Provided entries:
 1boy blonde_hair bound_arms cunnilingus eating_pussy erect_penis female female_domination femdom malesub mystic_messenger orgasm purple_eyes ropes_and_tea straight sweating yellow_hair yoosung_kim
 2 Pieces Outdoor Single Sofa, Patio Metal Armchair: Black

==

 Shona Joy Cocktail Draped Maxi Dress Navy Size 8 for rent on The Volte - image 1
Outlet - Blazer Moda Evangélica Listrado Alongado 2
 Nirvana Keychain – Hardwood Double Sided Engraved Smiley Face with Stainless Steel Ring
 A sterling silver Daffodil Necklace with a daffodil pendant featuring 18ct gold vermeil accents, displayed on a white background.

...

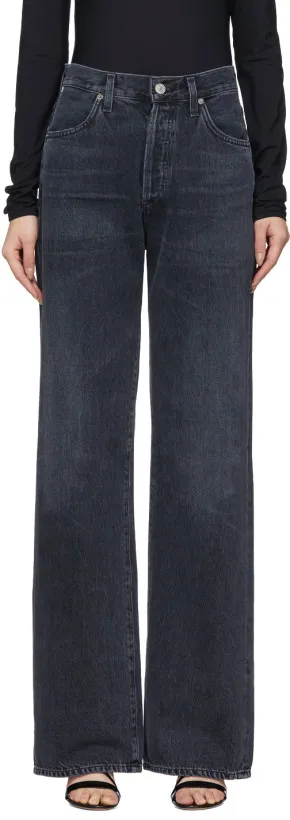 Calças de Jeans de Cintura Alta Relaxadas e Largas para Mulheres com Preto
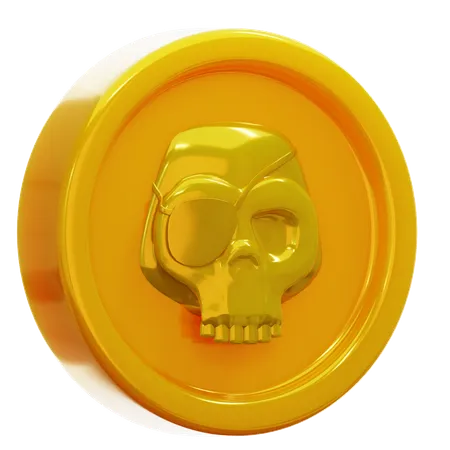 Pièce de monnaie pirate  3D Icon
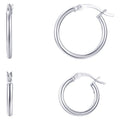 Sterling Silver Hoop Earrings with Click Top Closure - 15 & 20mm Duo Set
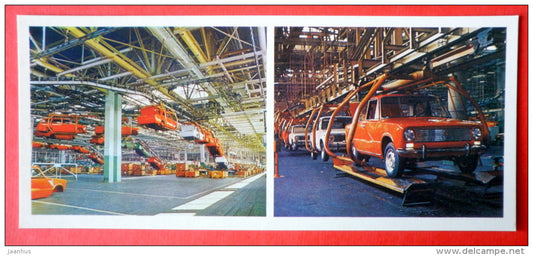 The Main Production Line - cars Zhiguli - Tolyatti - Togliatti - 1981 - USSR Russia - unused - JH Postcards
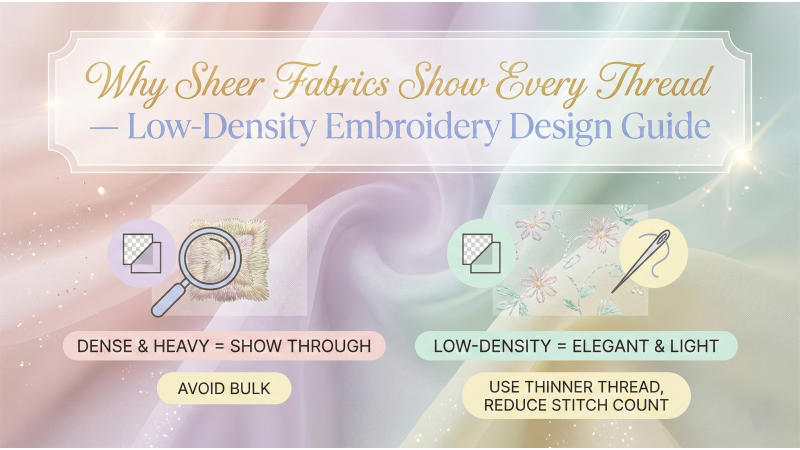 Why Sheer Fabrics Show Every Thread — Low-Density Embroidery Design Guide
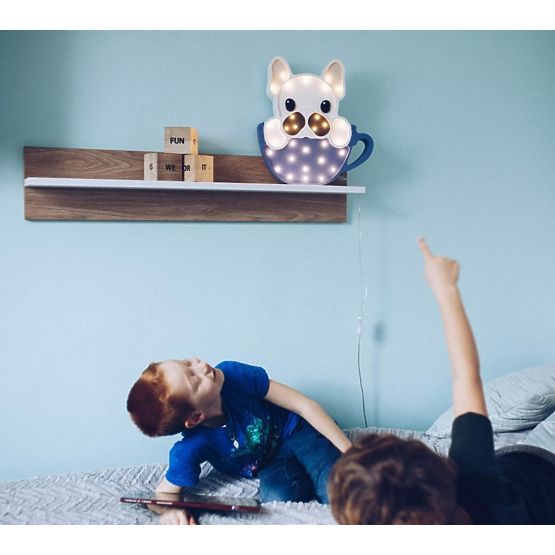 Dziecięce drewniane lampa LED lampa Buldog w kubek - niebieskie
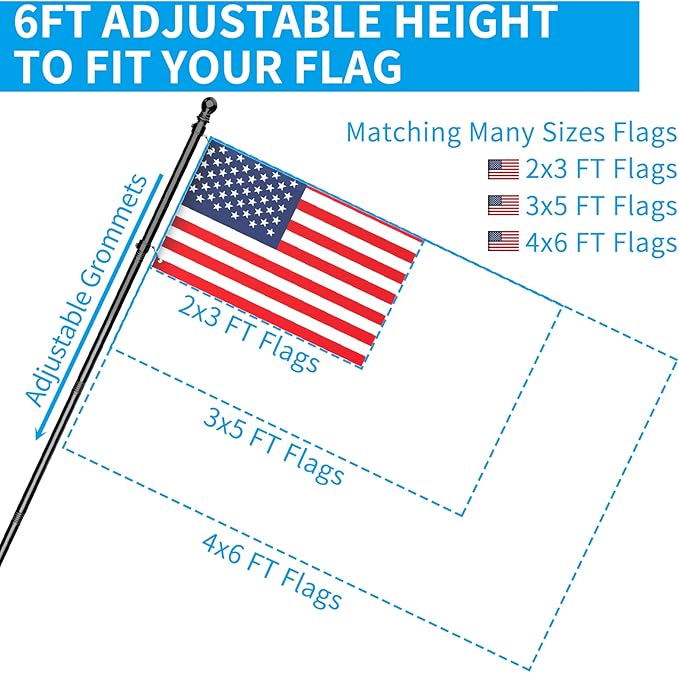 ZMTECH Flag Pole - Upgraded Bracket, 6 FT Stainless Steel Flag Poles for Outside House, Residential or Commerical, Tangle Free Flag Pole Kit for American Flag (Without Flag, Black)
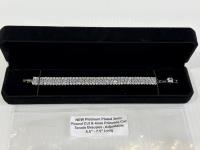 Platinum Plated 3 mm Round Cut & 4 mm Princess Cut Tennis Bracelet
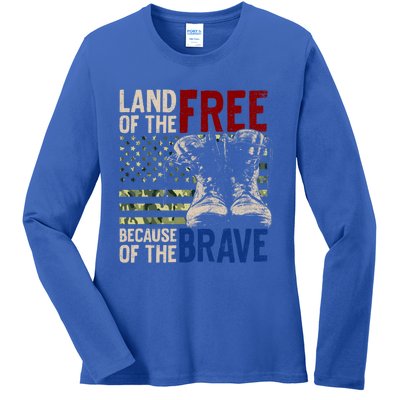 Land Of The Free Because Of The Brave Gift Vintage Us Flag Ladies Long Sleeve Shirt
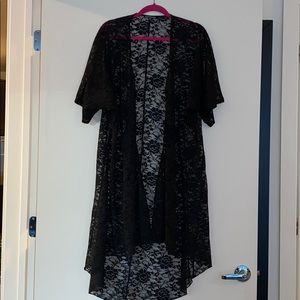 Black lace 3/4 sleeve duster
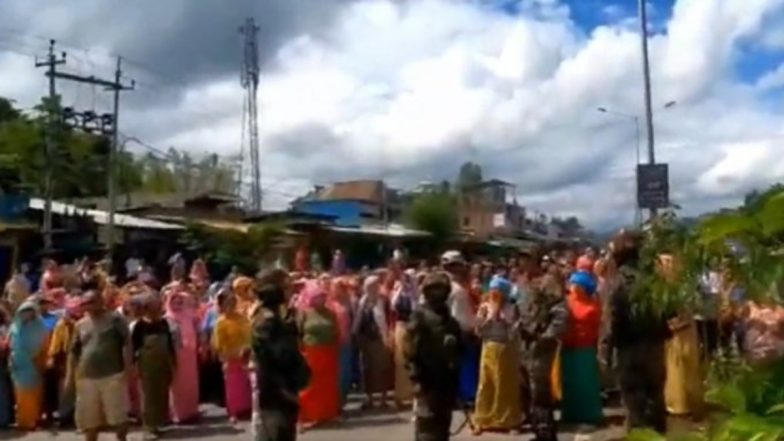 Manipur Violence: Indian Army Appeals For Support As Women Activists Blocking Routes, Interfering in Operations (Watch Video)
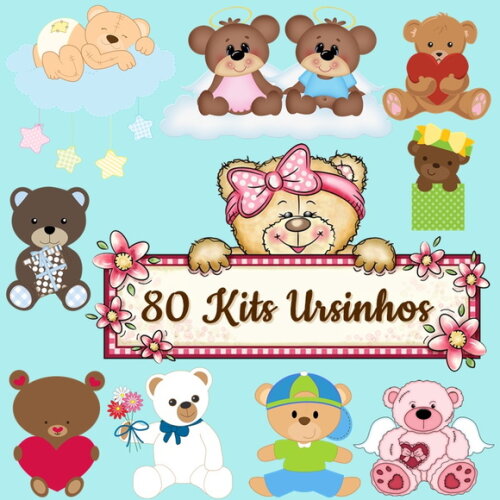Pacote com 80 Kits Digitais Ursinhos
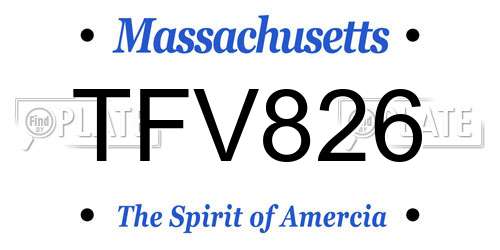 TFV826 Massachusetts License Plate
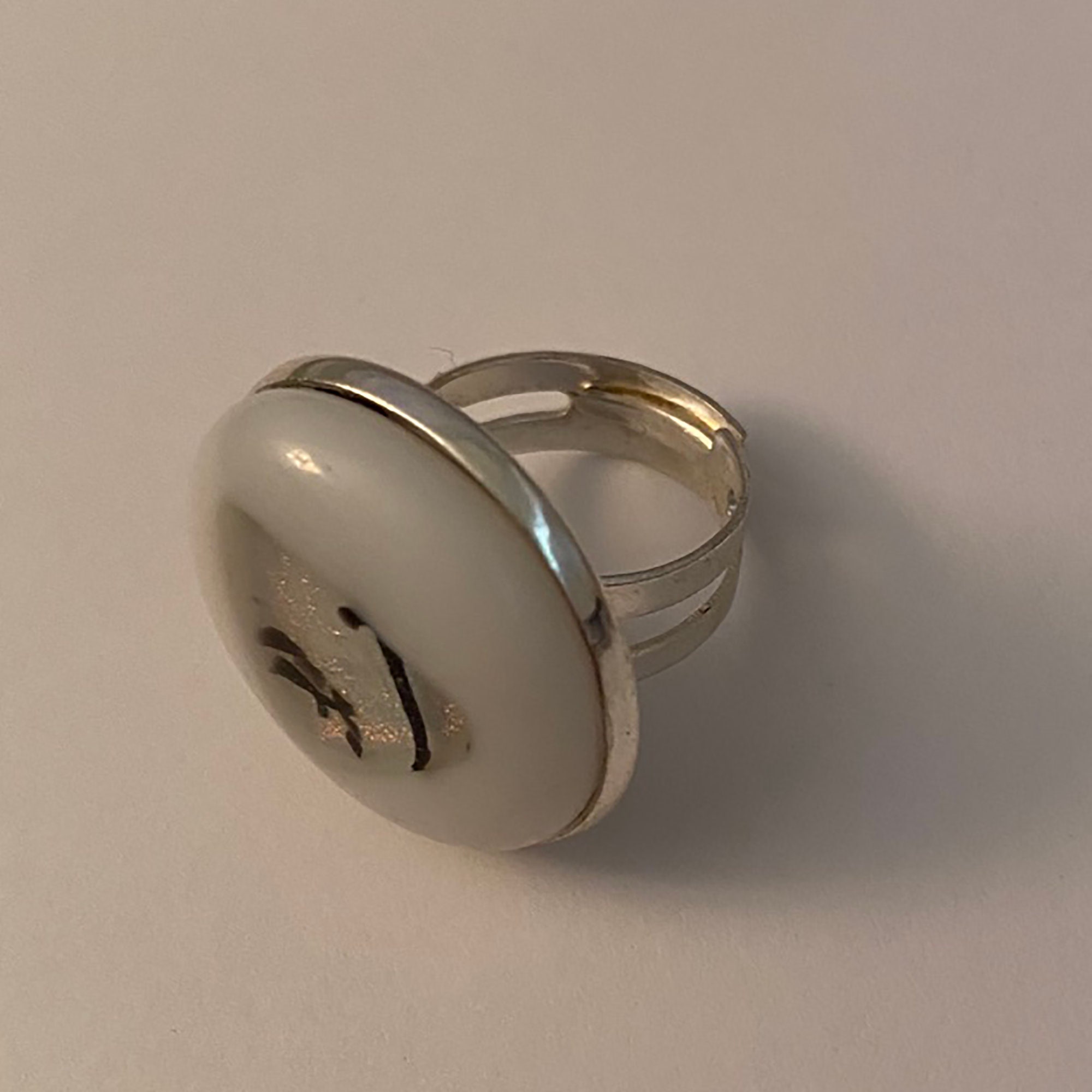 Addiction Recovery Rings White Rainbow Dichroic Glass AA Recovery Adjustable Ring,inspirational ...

Problem description: Give exactly the lines above that run from the line with "Why Sheer Fabrics" to the line with "Dziecięce drewniane lampa", both included, leaving every picture out.

Result of this task:
 Why Sheer Fabrics Show Every Thread — Low-Density Embroidery Design Guide
 Dziecięce drewniane lampa LED lampa Buldog w kubek - niebieskie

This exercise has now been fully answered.